REQUIRED ACTION → Could you filter the records below and keep only the lines with the word "Used"?

DATA FOR THE TASK →
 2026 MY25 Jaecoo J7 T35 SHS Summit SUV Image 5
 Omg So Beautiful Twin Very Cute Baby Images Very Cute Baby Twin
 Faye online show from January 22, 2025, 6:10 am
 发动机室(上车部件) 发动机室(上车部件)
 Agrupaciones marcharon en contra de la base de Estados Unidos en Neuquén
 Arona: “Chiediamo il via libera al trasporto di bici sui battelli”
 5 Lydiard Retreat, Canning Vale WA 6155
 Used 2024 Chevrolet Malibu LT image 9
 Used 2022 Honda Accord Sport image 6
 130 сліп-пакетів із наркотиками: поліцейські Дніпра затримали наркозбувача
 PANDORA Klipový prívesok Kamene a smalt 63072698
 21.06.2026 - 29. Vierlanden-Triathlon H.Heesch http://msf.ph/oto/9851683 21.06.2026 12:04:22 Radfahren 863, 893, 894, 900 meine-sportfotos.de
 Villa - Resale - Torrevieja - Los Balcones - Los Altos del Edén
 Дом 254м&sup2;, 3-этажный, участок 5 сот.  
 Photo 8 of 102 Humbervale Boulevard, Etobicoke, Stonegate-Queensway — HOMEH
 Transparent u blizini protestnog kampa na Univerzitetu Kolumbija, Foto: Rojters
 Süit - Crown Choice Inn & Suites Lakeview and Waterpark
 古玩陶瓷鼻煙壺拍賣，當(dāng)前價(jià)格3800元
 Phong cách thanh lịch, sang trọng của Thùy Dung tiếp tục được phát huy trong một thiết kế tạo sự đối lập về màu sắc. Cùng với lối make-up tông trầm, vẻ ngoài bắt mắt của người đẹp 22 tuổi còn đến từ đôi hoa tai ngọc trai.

ANSWER BOX →
 Used 2024 Chevrolet Malibu LT image 9
 Used 2022 Honda Accord Sport image 6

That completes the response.